STANDARD: Afghanistan ist von der internationalen Gemeinschaft komplett abhängig – wird sich das in naher Zukunft ändern?

Humayoon: Wir werden von der internationalen Unterstützung noch für mindestens ein Jahrzehnt abhängig sein – vorausgesetzt, wir reißen uns am Riemen. In diesem Jahrzehnt müssen wir politisch das Richtige tun, also eine Strategie finden, die Gewalt und Krieg beendet. Danach müssen wir in die Industrie investieren, uns in der Region als wirtschaftlicher Faktor positionieren.

STANDARD: Beinhaltet ein Ende des Krieges Friedensgespräche mit den Taliban? Der „Guardian“ berichtete kürzlich von einer neuen Initiative, die die Taliban aber dementierten.

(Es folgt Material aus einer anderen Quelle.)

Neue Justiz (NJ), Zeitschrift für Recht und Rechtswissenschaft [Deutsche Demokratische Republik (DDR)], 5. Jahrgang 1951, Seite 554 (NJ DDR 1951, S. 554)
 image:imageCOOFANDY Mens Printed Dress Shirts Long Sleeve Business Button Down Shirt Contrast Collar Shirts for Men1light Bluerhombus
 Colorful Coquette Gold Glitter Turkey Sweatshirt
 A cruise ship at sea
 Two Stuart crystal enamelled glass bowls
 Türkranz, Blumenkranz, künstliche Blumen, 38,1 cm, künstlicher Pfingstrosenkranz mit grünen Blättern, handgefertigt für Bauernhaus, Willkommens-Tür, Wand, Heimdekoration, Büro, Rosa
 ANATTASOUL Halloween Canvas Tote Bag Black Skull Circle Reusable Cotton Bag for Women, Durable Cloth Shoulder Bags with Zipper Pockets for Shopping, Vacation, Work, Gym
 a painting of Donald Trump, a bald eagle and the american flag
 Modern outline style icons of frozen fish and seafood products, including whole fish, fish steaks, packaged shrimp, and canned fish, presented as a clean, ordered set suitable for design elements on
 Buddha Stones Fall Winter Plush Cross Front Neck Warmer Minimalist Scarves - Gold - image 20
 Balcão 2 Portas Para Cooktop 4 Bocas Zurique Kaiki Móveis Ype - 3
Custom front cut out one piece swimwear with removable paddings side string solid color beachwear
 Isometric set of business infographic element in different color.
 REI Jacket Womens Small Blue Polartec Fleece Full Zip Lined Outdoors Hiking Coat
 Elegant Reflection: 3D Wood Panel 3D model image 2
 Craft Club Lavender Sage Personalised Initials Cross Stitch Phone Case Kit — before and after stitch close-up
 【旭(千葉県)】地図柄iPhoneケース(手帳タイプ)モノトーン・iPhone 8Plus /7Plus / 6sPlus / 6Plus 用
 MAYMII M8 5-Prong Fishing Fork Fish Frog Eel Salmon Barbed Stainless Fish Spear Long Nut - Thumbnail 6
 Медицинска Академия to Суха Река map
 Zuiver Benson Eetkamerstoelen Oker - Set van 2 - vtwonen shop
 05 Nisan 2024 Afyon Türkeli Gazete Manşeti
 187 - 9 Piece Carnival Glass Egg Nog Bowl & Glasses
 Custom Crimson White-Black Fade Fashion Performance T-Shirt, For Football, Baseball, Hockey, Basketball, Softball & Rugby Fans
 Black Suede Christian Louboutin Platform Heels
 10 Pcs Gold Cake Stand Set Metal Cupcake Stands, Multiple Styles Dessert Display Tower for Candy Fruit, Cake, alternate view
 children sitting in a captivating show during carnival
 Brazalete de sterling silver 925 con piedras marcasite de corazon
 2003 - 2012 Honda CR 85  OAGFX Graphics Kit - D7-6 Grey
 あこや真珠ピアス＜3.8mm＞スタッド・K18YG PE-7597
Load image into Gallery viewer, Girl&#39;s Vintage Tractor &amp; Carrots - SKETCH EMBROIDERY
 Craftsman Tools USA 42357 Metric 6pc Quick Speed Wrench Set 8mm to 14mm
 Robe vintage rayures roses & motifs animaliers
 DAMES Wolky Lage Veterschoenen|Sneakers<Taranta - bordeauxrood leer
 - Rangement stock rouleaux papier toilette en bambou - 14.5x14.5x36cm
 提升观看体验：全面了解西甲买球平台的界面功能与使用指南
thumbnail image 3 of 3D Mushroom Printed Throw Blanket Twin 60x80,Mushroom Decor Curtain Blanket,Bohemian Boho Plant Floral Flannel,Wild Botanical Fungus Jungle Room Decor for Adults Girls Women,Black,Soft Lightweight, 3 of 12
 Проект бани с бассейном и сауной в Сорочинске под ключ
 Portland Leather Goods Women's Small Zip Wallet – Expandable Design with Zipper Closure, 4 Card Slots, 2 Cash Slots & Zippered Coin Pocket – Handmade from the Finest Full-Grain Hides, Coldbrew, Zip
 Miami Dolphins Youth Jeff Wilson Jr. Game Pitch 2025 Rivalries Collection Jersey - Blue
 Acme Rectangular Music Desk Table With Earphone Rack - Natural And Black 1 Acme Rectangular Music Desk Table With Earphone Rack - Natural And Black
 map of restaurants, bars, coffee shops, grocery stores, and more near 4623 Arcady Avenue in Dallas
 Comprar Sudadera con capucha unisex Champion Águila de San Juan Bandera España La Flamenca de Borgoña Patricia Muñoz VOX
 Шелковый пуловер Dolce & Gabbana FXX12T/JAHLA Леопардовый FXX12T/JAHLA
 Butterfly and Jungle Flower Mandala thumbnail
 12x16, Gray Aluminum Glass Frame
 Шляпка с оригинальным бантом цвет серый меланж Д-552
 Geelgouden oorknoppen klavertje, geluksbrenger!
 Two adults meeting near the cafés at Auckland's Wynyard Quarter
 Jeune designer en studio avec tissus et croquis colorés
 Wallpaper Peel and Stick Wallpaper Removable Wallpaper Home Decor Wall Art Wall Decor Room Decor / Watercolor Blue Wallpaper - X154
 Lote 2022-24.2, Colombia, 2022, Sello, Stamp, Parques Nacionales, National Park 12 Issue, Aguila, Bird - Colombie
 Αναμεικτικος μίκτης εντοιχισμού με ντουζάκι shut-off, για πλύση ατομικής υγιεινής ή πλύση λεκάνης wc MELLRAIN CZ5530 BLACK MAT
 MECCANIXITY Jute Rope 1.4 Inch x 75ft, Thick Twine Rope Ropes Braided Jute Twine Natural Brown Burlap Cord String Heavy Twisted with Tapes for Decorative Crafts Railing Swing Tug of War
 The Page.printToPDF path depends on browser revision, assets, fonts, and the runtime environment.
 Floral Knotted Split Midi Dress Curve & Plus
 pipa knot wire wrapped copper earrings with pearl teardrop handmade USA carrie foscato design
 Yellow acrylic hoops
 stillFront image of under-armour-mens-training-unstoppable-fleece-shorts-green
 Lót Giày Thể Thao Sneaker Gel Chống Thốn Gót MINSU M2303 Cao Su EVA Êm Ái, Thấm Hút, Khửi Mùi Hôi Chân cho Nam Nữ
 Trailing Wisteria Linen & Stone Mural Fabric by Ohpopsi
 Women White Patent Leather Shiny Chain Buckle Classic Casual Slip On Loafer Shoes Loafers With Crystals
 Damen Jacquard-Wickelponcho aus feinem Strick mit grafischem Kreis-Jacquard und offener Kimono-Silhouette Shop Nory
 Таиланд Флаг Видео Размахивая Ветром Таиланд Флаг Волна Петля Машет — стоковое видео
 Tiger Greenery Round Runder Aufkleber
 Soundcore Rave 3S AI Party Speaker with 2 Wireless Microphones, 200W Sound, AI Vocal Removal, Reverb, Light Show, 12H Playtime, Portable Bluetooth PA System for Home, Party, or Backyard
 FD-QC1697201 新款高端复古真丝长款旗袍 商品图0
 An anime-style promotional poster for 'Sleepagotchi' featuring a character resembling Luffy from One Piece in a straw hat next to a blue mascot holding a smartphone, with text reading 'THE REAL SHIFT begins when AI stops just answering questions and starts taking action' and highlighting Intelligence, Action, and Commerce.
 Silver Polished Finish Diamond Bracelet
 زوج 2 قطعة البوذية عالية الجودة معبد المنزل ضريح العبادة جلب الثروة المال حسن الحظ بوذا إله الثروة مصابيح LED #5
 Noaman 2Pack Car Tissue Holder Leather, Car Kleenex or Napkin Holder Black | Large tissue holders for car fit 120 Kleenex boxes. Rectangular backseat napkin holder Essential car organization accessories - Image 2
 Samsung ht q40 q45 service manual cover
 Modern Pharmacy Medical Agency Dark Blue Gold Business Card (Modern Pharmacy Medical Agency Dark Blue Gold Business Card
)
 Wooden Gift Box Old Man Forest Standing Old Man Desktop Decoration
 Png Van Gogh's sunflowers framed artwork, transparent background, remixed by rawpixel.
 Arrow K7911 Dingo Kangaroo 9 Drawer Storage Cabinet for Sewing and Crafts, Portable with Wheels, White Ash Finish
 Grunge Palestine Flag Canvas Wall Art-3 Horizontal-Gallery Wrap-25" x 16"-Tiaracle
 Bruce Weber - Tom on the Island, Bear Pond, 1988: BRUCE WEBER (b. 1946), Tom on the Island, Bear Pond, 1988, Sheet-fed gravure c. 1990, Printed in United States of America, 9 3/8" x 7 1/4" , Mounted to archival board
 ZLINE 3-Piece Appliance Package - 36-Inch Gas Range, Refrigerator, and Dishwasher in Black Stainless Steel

Humayoon: Alle Kriege müssen enden – und natürlich sind es Gespräche, die zu diesem Ende führen. Die Taliban kontrollieren große Teile des Landes, sind zuversichtlich und überzeugt, was ihre Ideologie betrifft. Und sie haben auch Unterstützung in der Bevölkerung. Sie zu bekämpfen wird zunehmend schwierig, weil sie der ländlichen Bevölkerung sehr ähnlich sind – sie repräsentieren sie nicht, aber sie ähneln ihr. Durch einen andauernden Krieg mit einer solchen Gruppe riskiert man humanitäre Katastrophen. Wir haben den Luxus nicht, Gespräche mit ihnen nicht zu erwägen. Wir wünschen uns natürlich, dass die Taliban kein Faktor sind, dass man sie besiegen und vertreiben könnte, aber sie haben in den vergangenen 15 Jahren bewiesen, dass sie beständig und widerstandsfähig sind – wir werden schwächer.

STANDARD: Würden die Taliban Gesprächen überhaupt zustimmen, wenn sie in einer ganz guten Position sind?

Humayoon: Es gibt hier schon Bewegung. Die Taliban sind jetzt auch eine mobilere Gruppe als zuvor und haben zum Beispiel ein Verbindungsbüro in Doha.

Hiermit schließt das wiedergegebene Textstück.